Quando se encontram, segundo os sem-terra, a conversa foi tensa. Mais uma vez Valdirzão avisou Ítalo Rodrigues da Silva sobre o lote não poder, por lei, ser ocupado sem a indicação e supervisão do Incra e o questionou sobre o furto da bomba que deixou o assentamento sem água. Irritado, o invasor partiu, mas prometeu retornar.
Diante da ameaça, os sem-terra mantiveram vigília no local. Horas depois, por volta das 23h, ocorreu o ataque. Os sobreviventes relatam aos policiais que entre os homens armados estavam Ítalo Rodrigues da Silva e seu pai, Antônio Martins dos Santos Filho, o Nero do Piseiro.
A fuga do invasor
No dia seguinte ao ataque, 11 de janeiro, Nero do Piseiro foi preso. Ele estava no bairro Santa Tereza, em Taubaté (SP), cidade vizinha a Tremembé, e foi detido em flagrante. Na audiência de custódia, a Justiça converteu sua prisão em preventiva e determinou que ele seja mantido encarcerado por 30 dias.
De acordo com a investigação, Nero do Piseiro seria o líder do ataque. Em depoimento ele confirmou que estava no lote no momento do ataque, mas disse que não estava armado e, portanto, não disparou contra os assentados. Seu filho, Ítalo Rodrigues da Silva, também teve a prisão determinada, mas está foragido.
"A motivação foi um problema interno de pessoas do assentamento, sem nenhuma conotação com invasão ou proteção de terra. Foi uma cobrança de posição em relação à permissão de negociar o terreno ou não. A gente não conseguiu, até agora, entender se ele (Nero), era o adquirente ou se ele era o intermediário. Seja como for, ele estava lá para modificar o pensamento dos demais", afirmou o delegado Marcos Ricardo Parra, em entrevista coletiva em Tremembé.

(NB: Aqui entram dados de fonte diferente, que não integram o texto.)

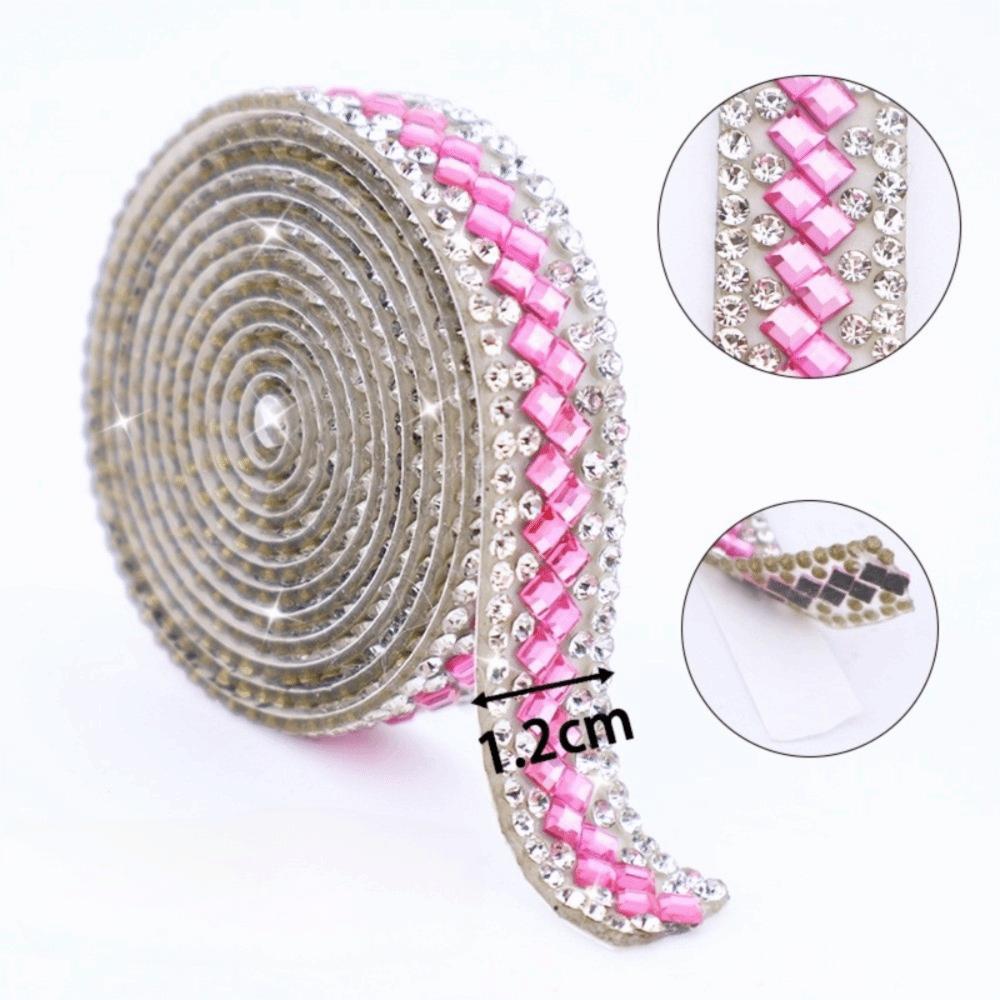 3 Yards Self Adhesive Glass Rhinestone Flexible Sparkling Rhinestone Strip Shiny DIY Decoration Apparel Accessory Clothing Decor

De quem é a responsabilidade?
Lideranças do MST acusam o Incra de agir com morosidade para solucionar o impasse do lote vazio. O movimento esperava uma decisão do órgão, que por obrigação legal deveria abrir um edital para escolher o próximo assentado do terreno.

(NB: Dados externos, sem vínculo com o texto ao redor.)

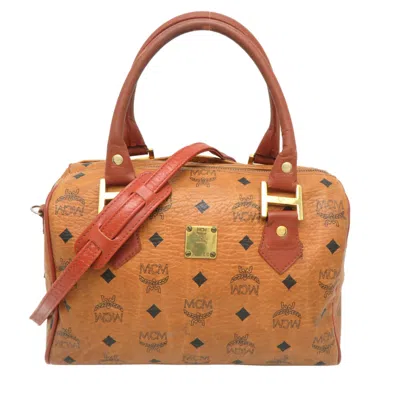 Pre-owned Mcm Brown Pvc Boston Bag ()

Sabrina Diniz, superintendente do Incra em São Paulo, estava no assentamento e falou com o Brasil de Fato. "2023 foi um ano em que a gente focou muito nas supervisões ocupacionais no estado inteiro, porque os assentamentos federais aqui no estado de São Paulo, assim como os quilombos, enfim, ficaram completamente abandonados pelo Incra a partir do golpe da Dilma até o fim do governo de (Jair) Bolsonaro", ressaltou.
"Então, o Incra não estava presente nesses assentamentos, o que permitiu que houvesse diversas invasões, não só de lotes, mas principalmente de áreas coletivas, de reserva, de áreas coletivas por grupos, muitas vezes ligados a vereadores bolsonaristas, com policiais envolvidos, uma característica bastante miliciana", disse a superintendente do Incra.
Integrantes do MST afirmam que um vereador de Tremembé, Vagner Lima (MDB), teria dito a grupos de empresários e grileiros de terra que as áreas do movimento "podem ser invadidas" e que "não acontecerá nada".
Ao Brasil de Fato, o vereador afirmou que "não é parte envolvida" e que não faz parte "de nada em relação ao Olga Benário e nenhum outro assentamento".